■ **Data for the task**
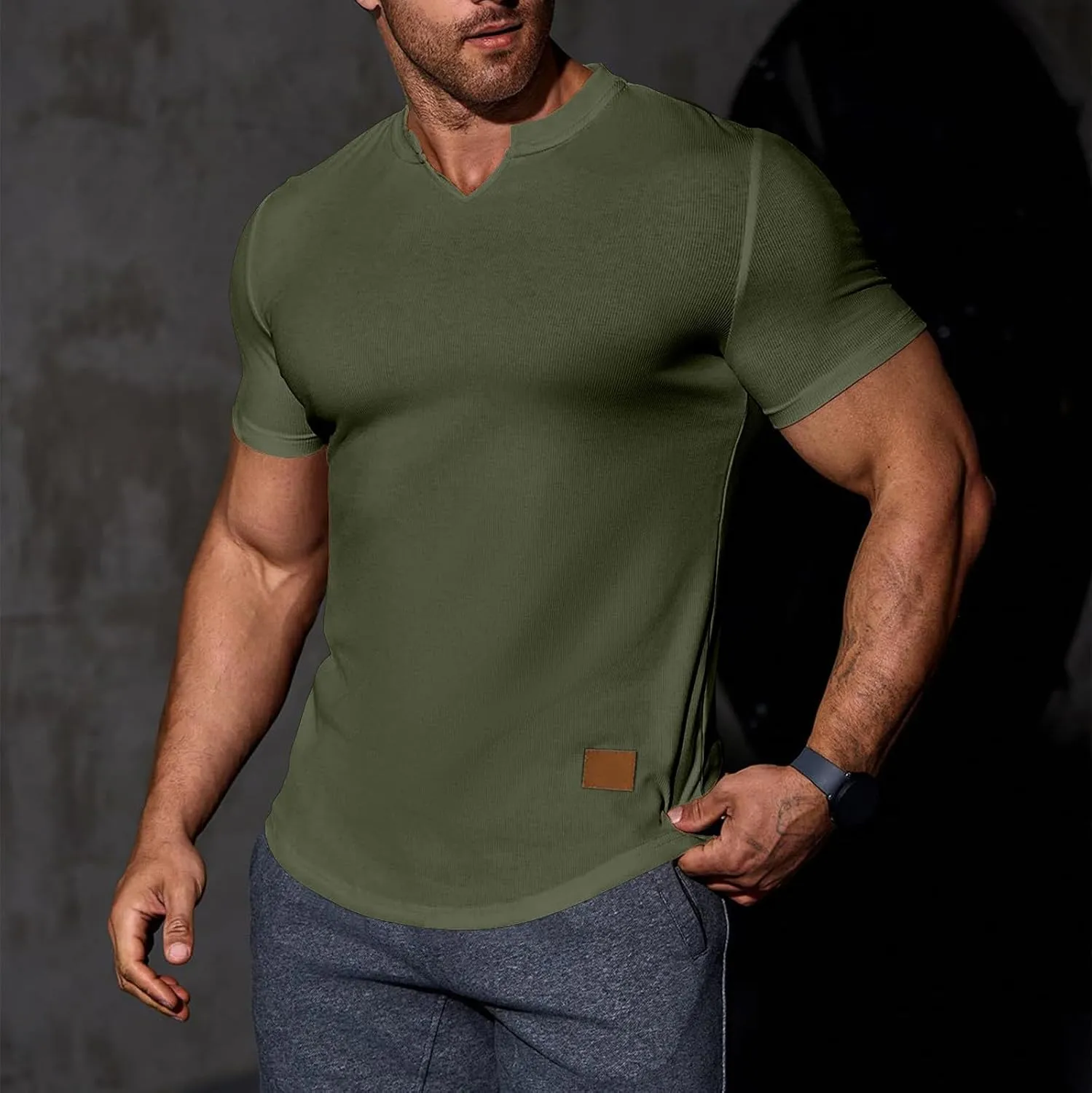 Men's Fashion Ribbed V Neck T Shirts Side Slit Hem Gym Training Workout Tunic Tops Summer Casual Short Sleeve Tees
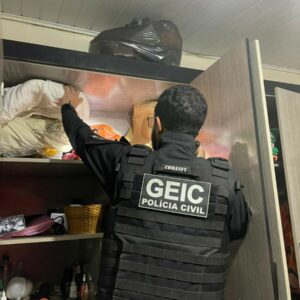 PCGO prende dez pessoas envolvidas em uma associação criminosa do tráfico de drogas em Rio Verde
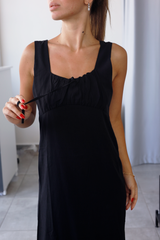 Siyah Önü Büzgülü Keten Elbise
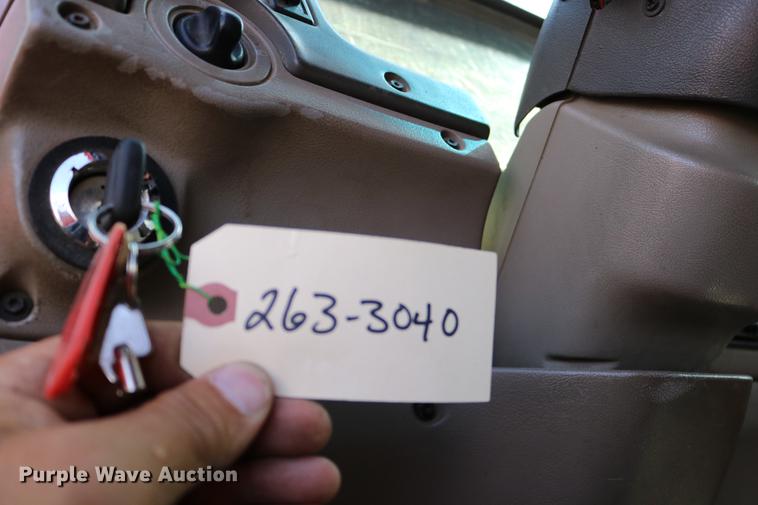 image for item DD0076 2001 Sterling LT7500 dump truck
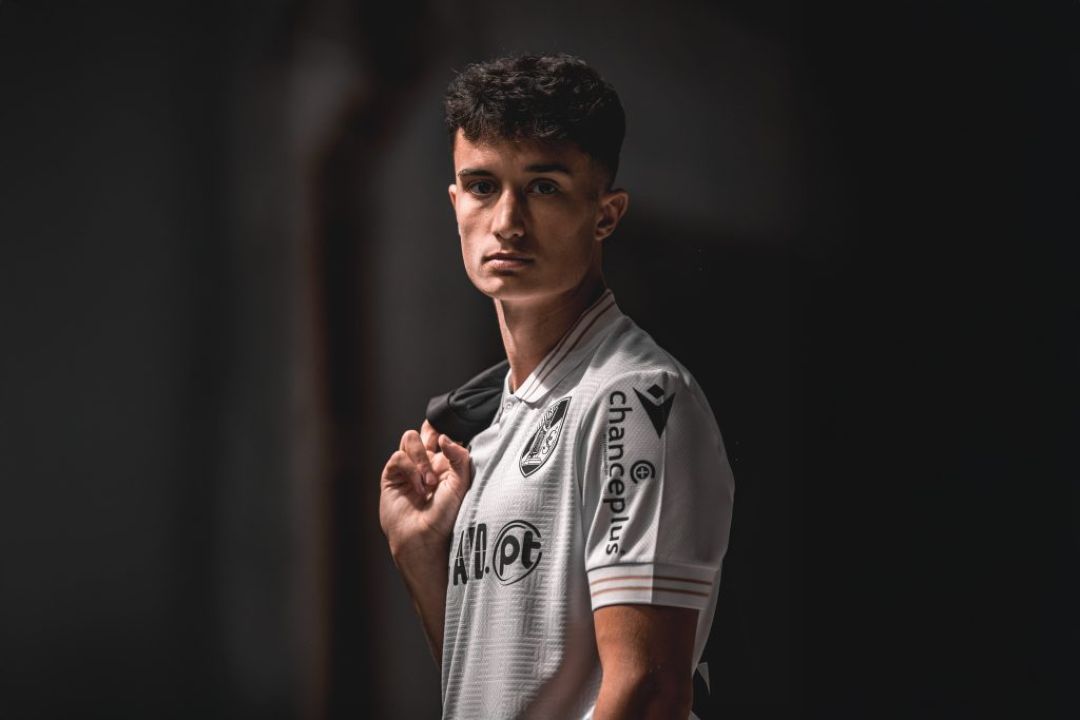 OFICIAL: Vitória de Guimarães garante Matija Mitrovic até 2029
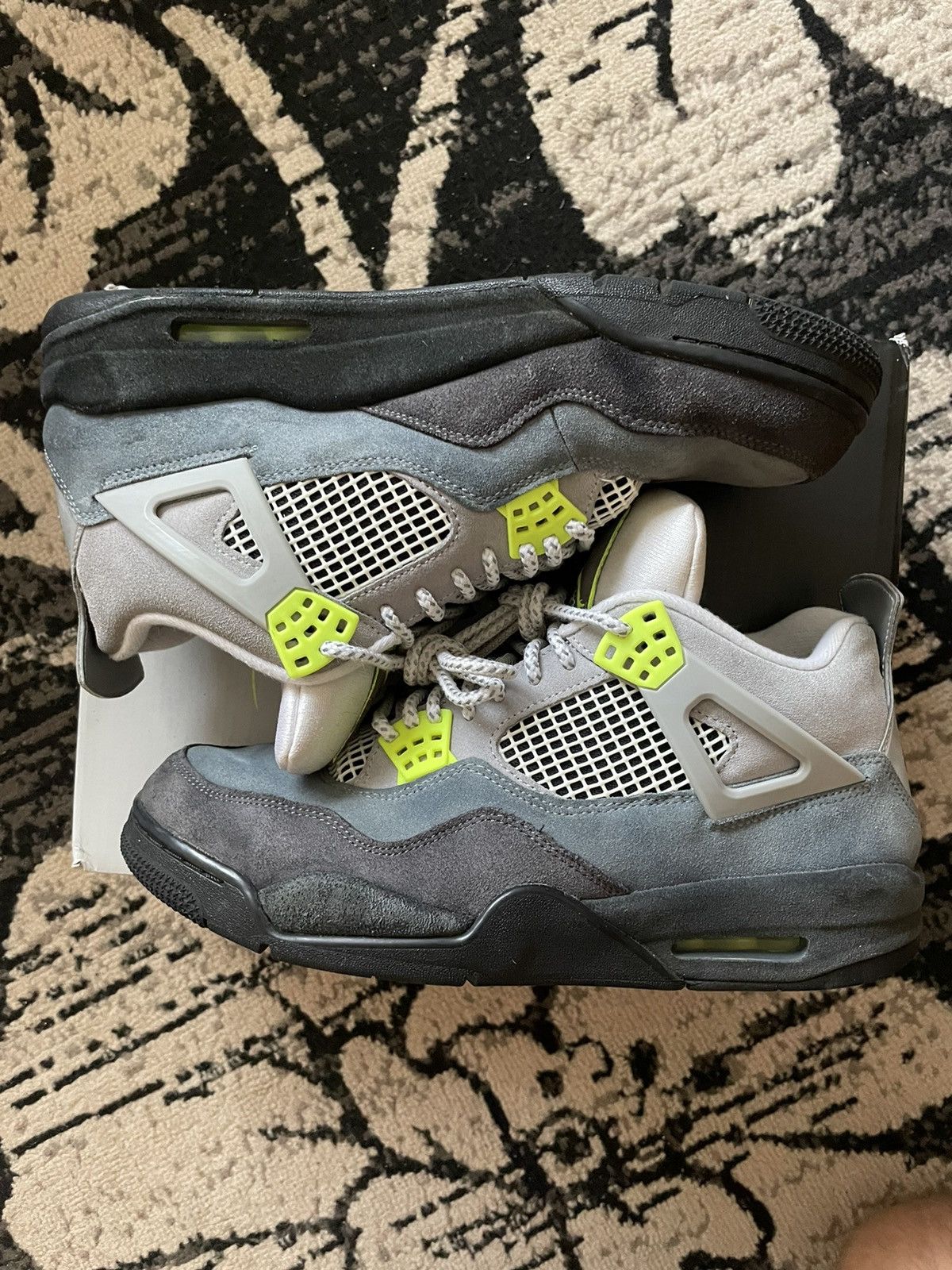 Jordan Brand Air Jordan 4 Retro LE Neon 95 Size US 11 / EU 44 - 1 Thumbnail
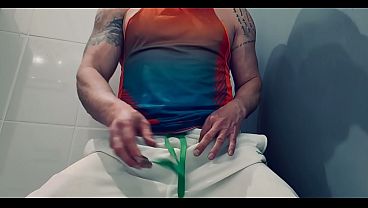 Marco Aldrete es un sexy chacal mexicano en porno gay 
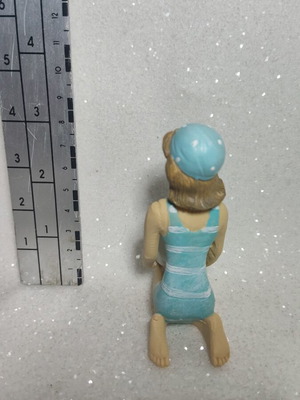 Bathing girl figurine ornament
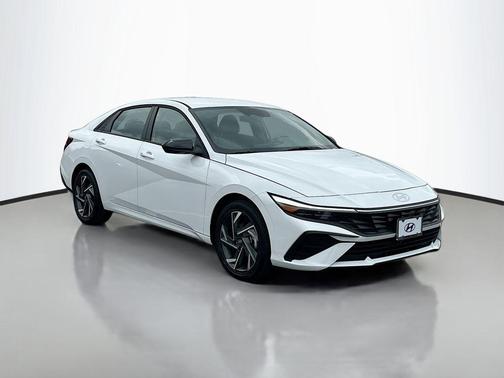 2025 Hyundai ELANTRA HEV SEL Sport
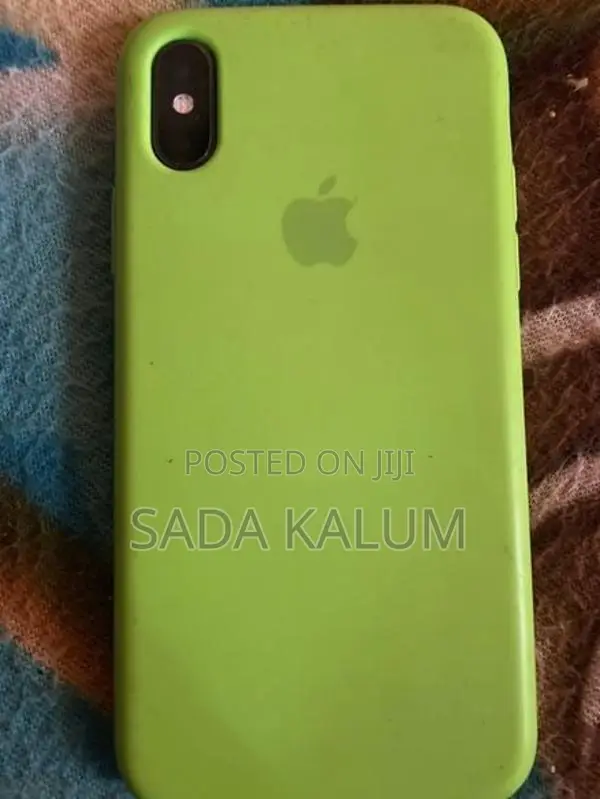 Apple iPhone XS 256GB (Used)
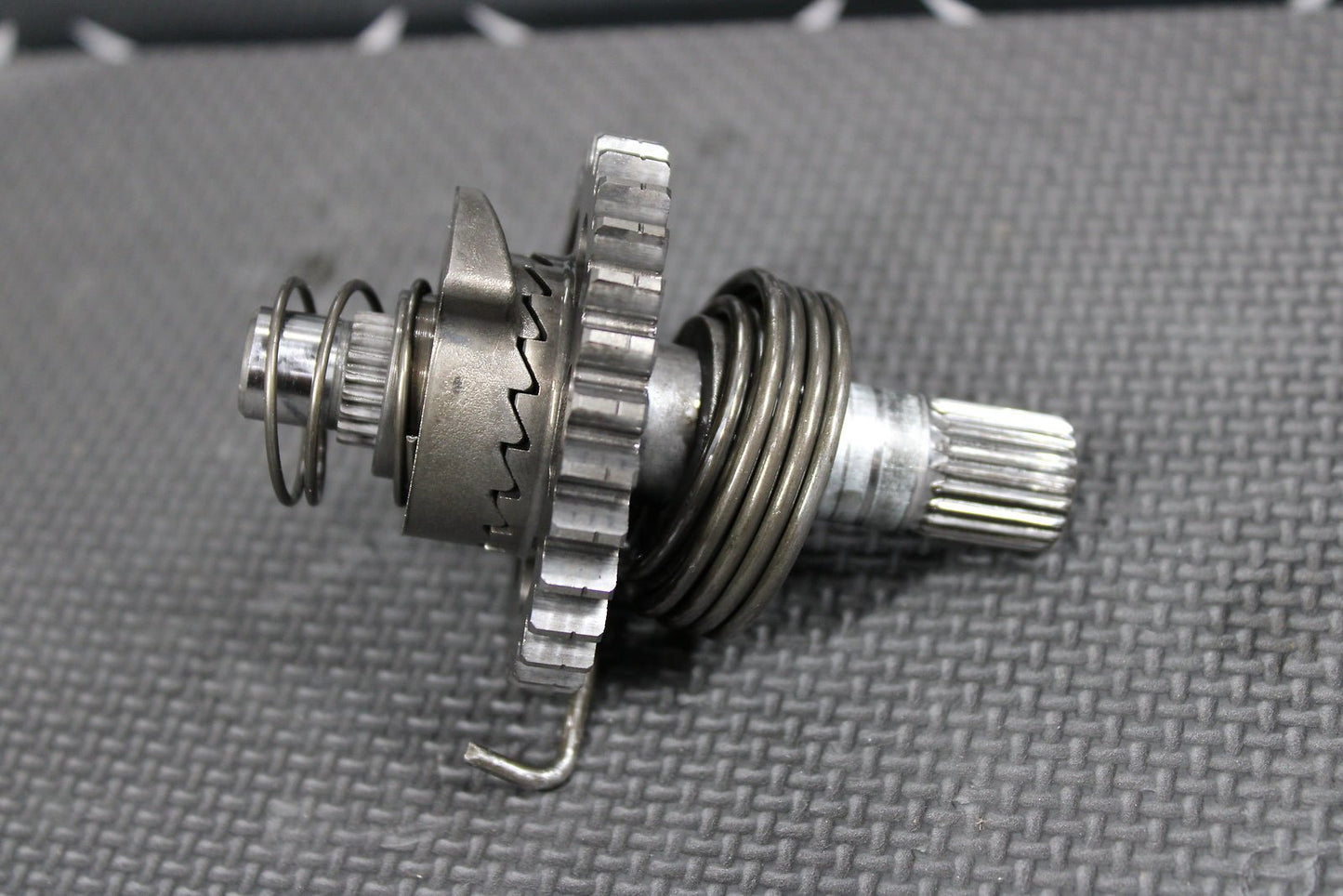 2000 HONDA CR125R OEM KICKSTART KICK START SHAFT W IDLER GEAR 28210 - KS6 - 700 - hggarage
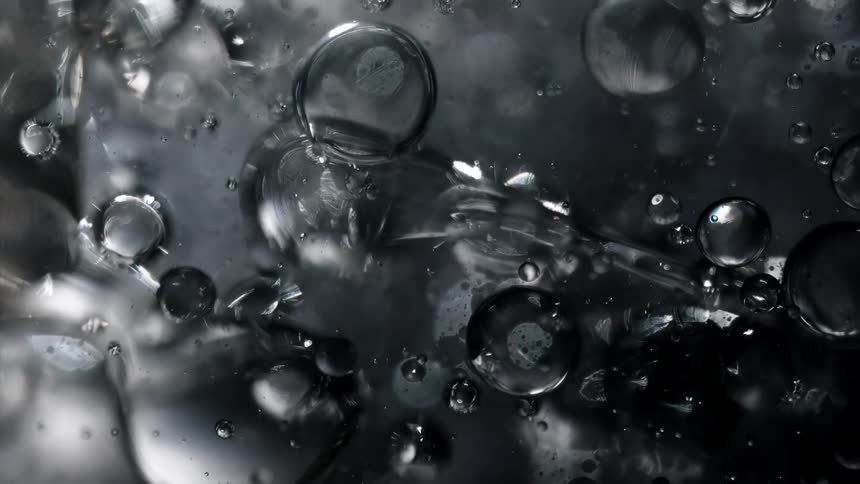 The drops of water bounce against each other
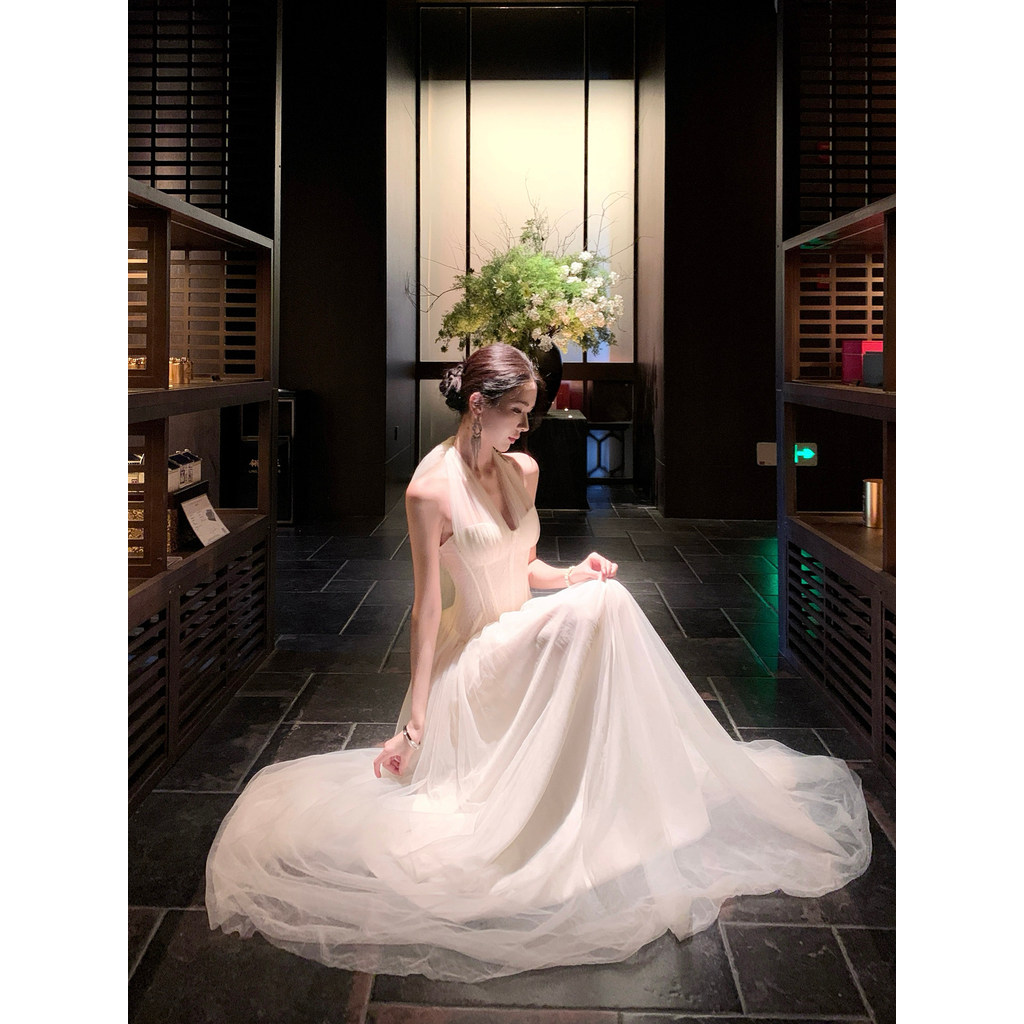 Đầm dài lưới phong cách Pháp cổ yếm hở lưng bồng bềnh cổ tích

■ **Assigned task**
Copy the records exactly. Skip the pictures.

■ **Result**
 Men's Fashion Ribbed V Neck T Shirts Side Slit Hem Gym Training Workout Tunic Tops Summer Casual Short Sleeve Tees
 PCGO prende dez pessoas envolvidas em uma associação criminosa do tráfico de drogas em Rio Verde
 Siyah Önü Büzgülü Keten Elbise
 image for item DD0076 2001 Sterling LT7500 dump truck
 OFICIAL: Vitória de Guimarães garante Matija Mitrovic até 2029
 Jordan Brand Air Jordan 4 Retro LE Neon 95 Size US 11 / EU 44 - 1 Thumbnail
 Marco Aldrete es un sexy chacal mexicano en porno gay 
 Bathing girl figurine ornament
 2025 Hyundai ELANTRA HEV SEL Sport
 Apple iPhone XS 256GB (Used)
 2000 HONDA CR125R OEM KICKSTART KICK START SHAFT W IDLER GEAR 28210 - KS6 - 700 - hggarage
 The drops of water bounce against each other
 Đầm dài lưới phong cách Pháp cổ yếm hở lưng bồng bềnh cổ tích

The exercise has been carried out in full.